■ **What to work on**
Please go line by line through the material and copy each one containing the word "this".

═════ Data listing

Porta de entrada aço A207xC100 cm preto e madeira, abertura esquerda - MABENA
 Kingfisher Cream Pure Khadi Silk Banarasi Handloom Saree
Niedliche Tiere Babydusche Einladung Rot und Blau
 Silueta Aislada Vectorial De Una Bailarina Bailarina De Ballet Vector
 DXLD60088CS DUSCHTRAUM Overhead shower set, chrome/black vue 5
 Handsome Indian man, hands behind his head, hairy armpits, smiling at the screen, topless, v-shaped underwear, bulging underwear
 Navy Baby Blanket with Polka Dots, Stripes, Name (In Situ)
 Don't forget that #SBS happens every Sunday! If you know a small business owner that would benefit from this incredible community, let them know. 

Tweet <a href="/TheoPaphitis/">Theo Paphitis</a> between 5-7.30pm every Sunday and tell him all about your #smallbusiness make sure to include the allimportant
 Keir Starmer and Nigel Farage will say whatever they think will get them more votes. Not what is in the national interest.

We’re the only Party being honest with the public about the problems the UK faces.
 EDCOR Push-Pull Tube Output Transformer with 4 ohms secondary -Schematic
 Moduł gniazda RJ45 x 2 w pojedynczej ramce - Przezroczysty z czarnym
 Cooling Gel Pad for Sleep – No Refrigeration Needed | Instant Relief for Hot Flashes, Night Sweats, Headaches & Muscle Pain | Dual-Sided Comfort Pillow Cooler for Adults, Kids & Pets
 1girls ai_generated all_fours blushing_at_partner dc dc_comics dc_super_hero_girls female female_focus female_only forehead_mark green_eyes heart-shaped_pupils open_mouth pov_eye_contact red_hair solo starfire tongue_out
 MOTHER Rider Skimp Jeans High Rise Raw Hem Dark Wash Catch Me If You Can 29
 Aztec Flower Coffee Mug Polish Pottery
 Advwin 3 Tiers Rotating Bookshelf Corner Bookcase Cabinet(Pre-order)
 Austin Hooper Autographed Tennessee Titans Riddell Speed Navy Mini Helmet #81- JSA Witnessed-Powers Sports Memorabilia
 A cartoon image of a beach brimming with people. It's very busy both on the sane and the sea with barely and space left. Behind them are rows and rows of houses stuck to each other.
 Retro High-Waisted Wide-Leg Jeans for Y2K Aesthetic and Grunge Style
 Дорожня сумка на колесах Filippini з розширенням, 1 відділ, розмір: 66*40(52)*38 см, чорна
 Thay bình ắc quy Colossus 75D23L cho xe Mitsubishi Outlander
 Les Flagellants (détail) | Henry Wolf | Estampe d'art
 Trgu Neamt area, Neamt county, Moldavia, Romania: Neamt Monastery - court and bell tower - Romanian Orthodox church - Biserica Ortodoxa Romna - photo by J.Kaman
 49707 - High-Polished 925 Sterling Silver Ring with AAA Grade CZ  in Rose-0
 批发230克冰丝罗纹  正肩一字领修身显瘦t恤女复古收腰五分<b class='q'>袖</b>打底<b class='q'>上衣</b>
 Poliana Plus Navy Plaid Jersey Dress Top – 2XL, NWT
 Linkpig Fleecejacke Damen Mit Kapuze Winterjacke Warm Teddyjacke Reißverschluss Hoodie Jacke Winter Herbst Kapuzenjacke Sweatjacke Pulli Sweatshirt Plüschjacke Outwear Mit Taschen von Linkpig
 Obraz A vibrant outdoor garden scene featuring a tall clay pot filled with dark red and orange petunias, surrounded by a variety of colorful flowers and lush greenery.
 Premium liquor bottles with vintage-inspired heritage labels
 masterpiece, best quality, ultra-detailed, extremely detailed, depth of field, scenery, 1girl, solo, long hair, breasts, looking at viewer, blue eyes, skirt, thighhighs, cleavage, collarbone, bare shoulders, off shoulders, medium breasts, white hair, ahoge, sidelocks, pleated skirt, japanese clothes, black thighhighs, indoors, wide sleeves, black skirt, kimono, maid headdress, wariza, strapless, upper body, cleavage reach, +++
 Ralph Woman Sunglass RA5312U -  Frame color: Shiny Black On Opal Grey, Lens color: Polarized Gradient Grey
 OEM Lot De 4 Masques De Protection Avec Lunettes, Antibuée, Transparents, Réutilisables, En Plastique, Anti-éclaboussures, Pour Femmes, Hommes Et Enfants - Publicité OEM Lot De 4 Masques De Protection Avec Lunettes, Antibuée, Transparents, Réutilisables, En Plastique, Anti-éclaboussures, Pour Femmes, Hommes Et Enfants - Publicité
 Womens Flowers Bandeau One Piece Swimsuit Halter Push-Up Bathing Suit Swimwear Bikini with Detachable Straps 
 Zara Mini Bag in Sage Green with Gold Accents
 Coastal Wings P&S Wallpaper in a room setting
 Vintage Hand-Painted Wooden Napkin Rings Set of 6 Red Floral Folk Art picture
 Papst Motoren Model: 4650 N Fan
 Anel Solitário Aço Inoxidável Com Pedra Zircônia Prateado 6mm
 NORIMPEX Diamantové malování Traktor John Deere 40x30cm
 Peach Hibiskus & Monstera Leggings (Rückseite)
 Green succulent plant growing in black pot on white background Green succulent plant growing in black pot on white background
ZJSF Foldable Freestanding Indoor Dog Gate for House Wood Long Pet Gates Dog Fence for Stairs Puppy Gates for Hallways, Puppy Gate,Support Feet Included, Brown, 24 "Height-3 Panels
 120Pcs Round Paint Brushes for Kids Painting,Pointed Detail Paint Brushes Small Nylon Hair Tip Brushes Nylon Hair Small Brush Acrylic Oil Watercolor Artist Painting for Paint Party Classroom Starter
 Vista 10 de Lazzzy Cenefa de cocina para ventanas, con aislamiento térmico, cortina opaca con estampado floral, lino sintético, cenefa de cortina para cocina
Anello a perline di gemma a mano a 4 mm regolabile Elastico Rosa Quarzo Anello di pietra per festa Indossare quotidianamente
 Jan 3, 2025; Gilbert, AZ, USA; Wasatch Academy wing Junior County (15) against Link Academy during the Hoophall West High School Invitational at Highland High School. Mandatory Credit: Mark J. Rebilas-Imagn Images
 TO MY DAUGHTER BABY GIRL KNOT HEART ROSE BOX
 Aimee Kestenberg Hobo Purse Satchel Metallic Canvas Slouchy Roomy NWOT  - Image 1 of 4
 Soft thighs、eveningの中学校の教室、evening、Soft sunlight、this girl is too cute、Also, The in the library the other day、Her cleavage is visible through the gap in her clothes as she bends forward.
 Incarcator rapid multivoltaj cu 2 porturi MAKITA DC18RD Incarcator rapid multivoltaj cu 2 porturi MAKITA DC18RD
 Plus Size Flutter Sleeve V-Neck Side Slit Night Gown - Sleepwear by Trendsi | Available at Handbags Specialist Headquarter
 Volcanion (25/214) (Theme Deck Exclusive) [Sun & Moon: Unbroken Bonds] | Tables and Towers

══════════

■ **Response below**
 Don't forget that #SBS happens every Sunday! If you know a small business owner that would benefit from this incredible community, let them know. 
 Soft thighs、eveningの中学校の教室、evening、Soft sunlight、this girl is too cute、Also, The in the library the other day、Her cleavage is visible through the gap in her clothes as she bends forward.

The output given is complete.